The Mammoth Cave video started out with a statement that rings very true to Scott and our family, “Exploration is at the heart of the human experience.”
The Historic Tour has four hundred and forty steps. It takes two hours to complete the two miles through the Bottomless Pit, Fat Man’s Misery, and up Mammoth Dome Tower. The only wet part of the cave is at the entrance. It was nice that most of the tour was dry, but that also meant that the stalactites and stalagmites that everyone thinks of when they think of a cave were nowhere to be found. No water means no minerals dripping and forming cave features. We were not allowed to use flash photography on the cave tour, so we did not have many opportunities to take pictures. We used a small flashlight a few times to get pictures, but a bright flashlight after being in almost complete darkness was a bit of a shocking experience. We all enjoyed the moment when our ranger, Kevin, turned out the lights and asked us all to be silent.
The picture above and on the right is of me trying to negotiate Fat Man’s Misery. I was able to walk normally through most of it until my hips became wedged. Caving is another example of Scott’s influence. Scott frequently went crawling around in tight spaces with a carbide lamp in caves during college. I, on the other hand, would wish him well and stay home as sometimes tight, dark, and stale-aired spaces get the better of me. The tight spaces didn’t bother me hardly at all today. Although to be fair most of the spaces were quite large. We went hiking at the Crater’s of the Moon National Park two years ago and I enjoyed those caves too. All except the cave that had signs that warned of previous and impending collapses…
While we enjoyed the cave hike it was rather flat. Which makes it ideal for taking over a hundred people at a time through on tours, but we wanted a little more. Brooke said, “That hike wasn’t a challenge. It was just like a two mile walk.” She is her father’s daughter. We all agreed though. We like our hikes to have a little more challenge to them. So that led us to our decision about the next day…more cave hiking!

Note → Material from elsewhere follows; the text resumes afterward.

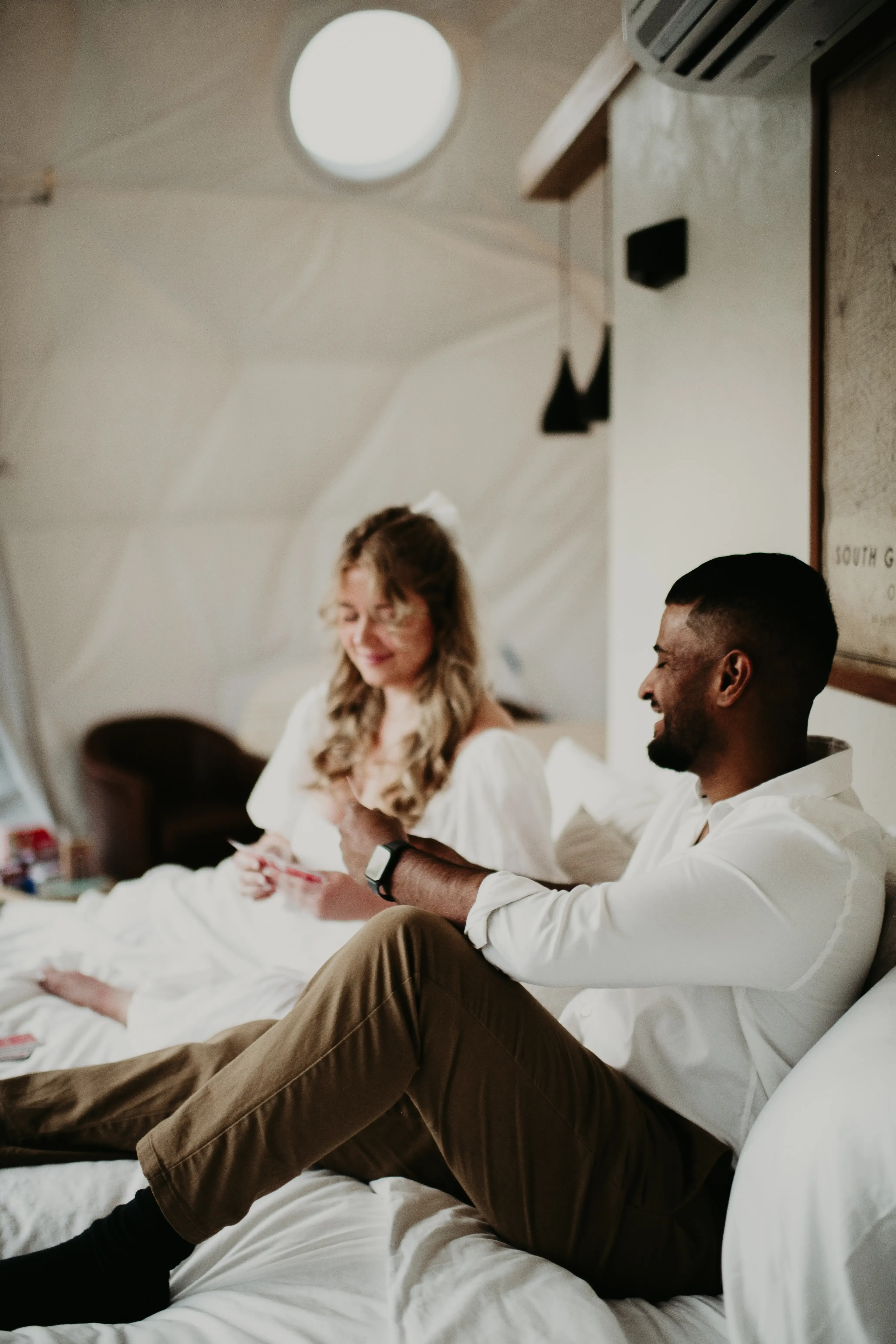 Couple Playing Cards In Bed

We cooked up a butter noodle package and some chicken. We were a little rushed to finish and clean up dinner and make it to the 7:30 ranger talk. Scott stayed back to clean up while I took the kids to the ranger talk on the Power of Water to shape things like caves. Staying in the park made for a quick walk/ bike ride to the ranger talk.
The mom in front of us came fully prepared with Star Wars fruit snacks, glow sticks, and marshmallows as the ranger talk was a fireside chat complete with a real fire. Cody had to point out every time the mom brought something else out. Note for tomorrow night’s ranger talk: marshmallows and glow sticks.
Those little black dots in the sky were bats swooping down as we left the ranger talk.
On our way back to our site Scott stopped to help a couple trying to unlock their vehicle with their keys stuck inside. While I was blowing up the mats Brooke decided Cody needed a spray down from the sun shower which hadn’t had any time to warm up. The kids were super giggly and rambunctious. Scott didn’t return back to the tent until the kids and I were long asleep.